WHAT IS REQUIRED →
Retype, word for word, only the lines from the one containing "Pancreatic pseudo cyst" through the last line of the listing below. Pictures do not belong in the result.

DATASET EXCERPTS →
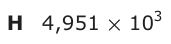 Answer H: 4,951 × 103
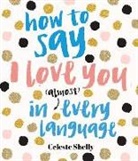 Rihana Ries, Celeste Shelly, Loreta Isac - How to Say I Love You in (Almost) Every Language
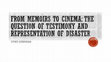 Research paper thumbnail of From Memoirs to Cinema: The Question of Testimony and the Representation of Disaster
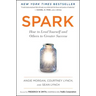 Spark: How to Lead Yourself and Others to Greater Success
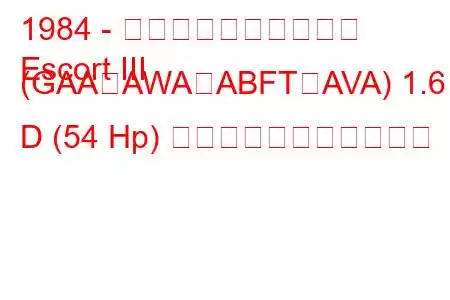 1984 - フォード・エスコート
Escort III (GAA、AWA、ABFT、AVA) 1.6 D (54 Hp) の燃料消費量と技術仕様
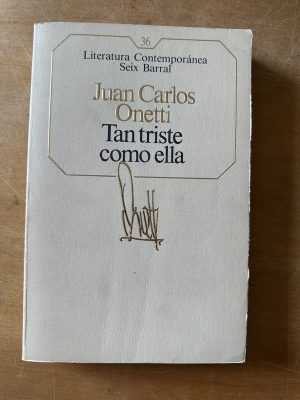 Tan triste como ella - Onetti, Juan Carlos (3f2)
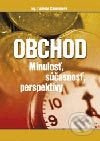Obchod - minulosť, súčasnosť, perspektívy - Ľudmila Chmelíková - kniha z kategorie Obchod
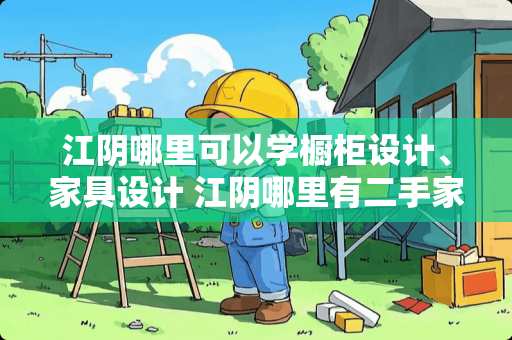 江阴哪里可以学橱柜设计、家具设计 江阴哪里有二手家具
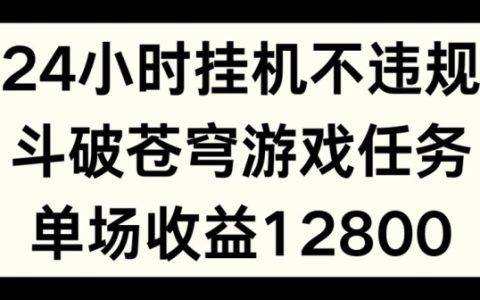 24小时无人挂机不违规，斗破苍穹游戏任务揭秘，单场直播最高收益1280元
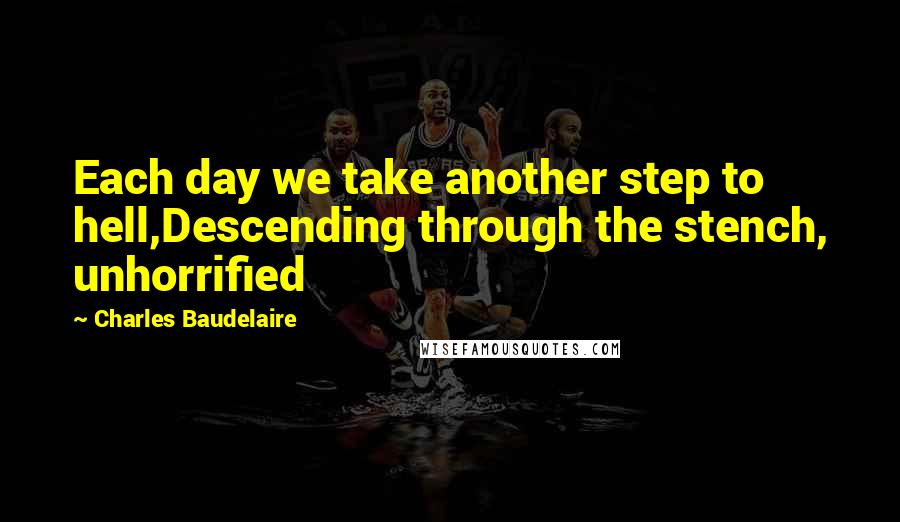 Charles Baudelaire Quotes: Each day we take another step to hell,Descending through the stench, unhorrified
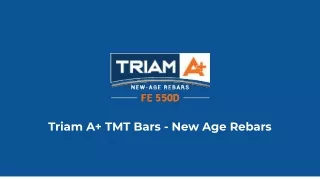 Triam A  TMT Bars - New Age Rebars
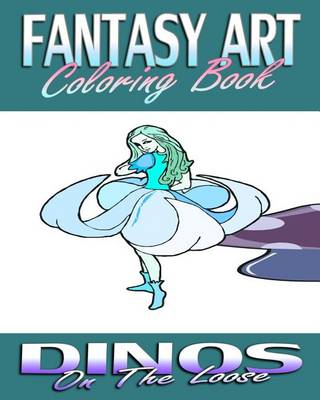 Book cover for Fantasy Art & Dinos on the Loose (Coloring Book)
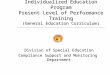 Individualized Education Program Present Level of Performance Training (General Education Curriculum) Division of Special Education Compliance Support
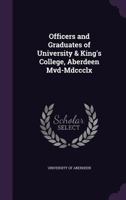 Officers and Graduates of University and King's College Aberdeen MVD - MDCCCLX 1357236115 Book Cover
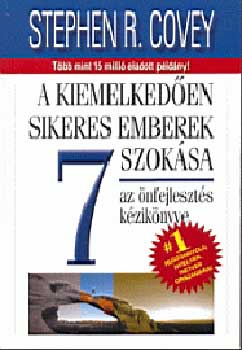 Stephen R. Covey - A kiemelkeden sikeres emberek 7 szoksa - Az nfejleszts kziknyve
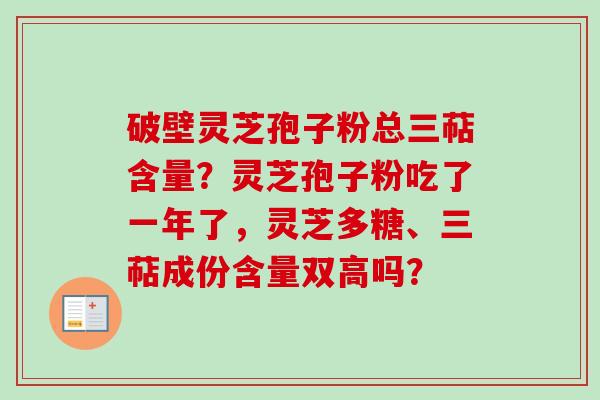 破壁灵芝孢子粉总三萜含量？灵芝孢子粉吃了一年了，灵芝多糖、三萜成份含量双高吗？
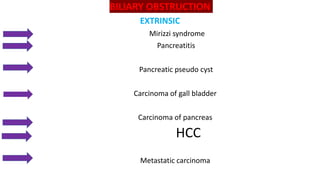 BILIARY OBSTRUCTION
EXTRINSIC
Mirizzi syndrome
Pancreatitis
Pancreatic pseudo cyst
Carcinoma of gall bladder
Carcinoma of pancreas
HCC
Metastatic carcinoma
 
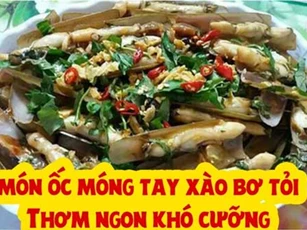 Cách làm món ốc móng tay xào bơ tỏi siêu ngon, các tín đồ mê hải sản cùng học ngay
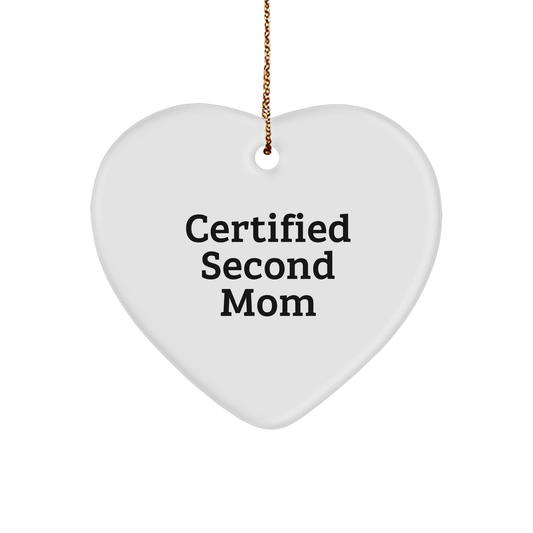 Funny Second Mom Gifts from Men to Second Mom - Heart Ornament Certified Second Mom Quote - Christmas Unique Gifts
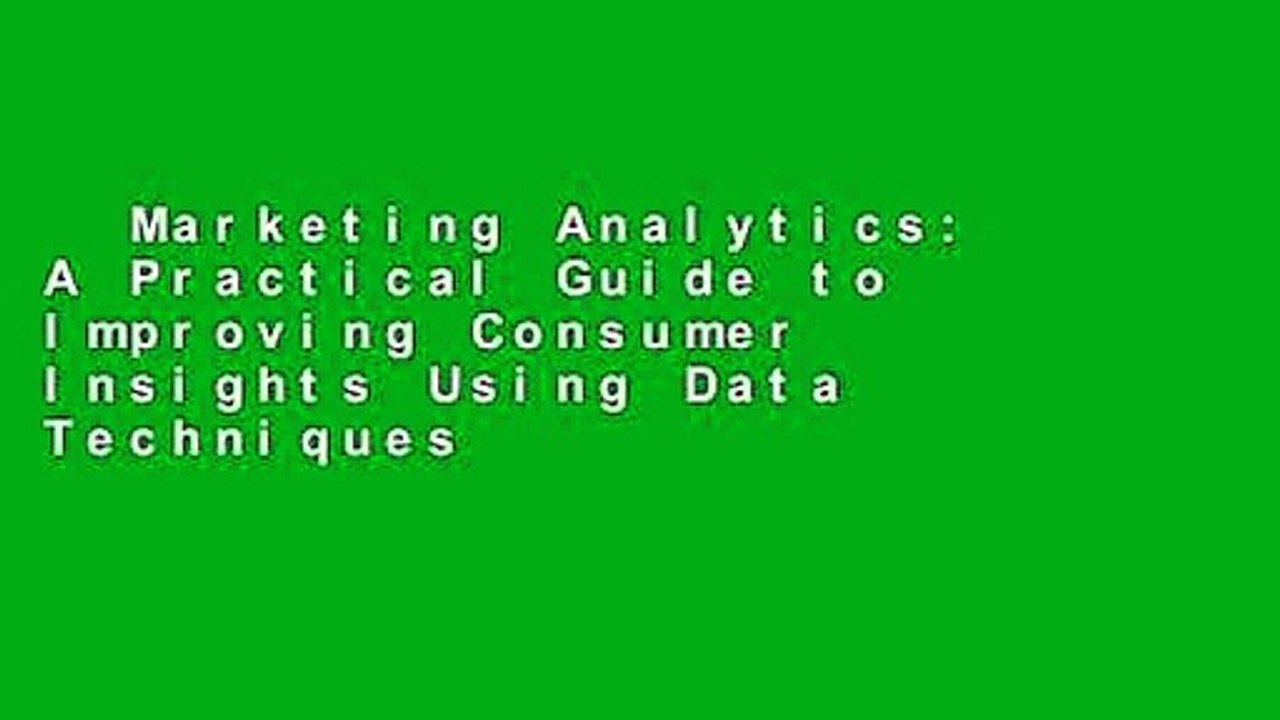 Marketing Analytics: A Practical Guide to Improving Consumer Insights Using Data Techniques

RESULT OF THIS TASK →
Pancreatic pseudo cyst
Carcinoma of gall bladder
Carcinoma of pancreas
HCC
Metastatic carcinoma
 
 Cách làm món ốc móng tay xào bơ tỏi siêu ngon, các tín đồ mê hải sản cùng học ngay
 Funny Second Mom Gifts from Men to Second Mom - Heart Ornament Certified Second Mom Quote - Christmas Unique Gifts
 Marketing Analytics: A Practical Guide to Improving Consumer Insights Using Data Techniques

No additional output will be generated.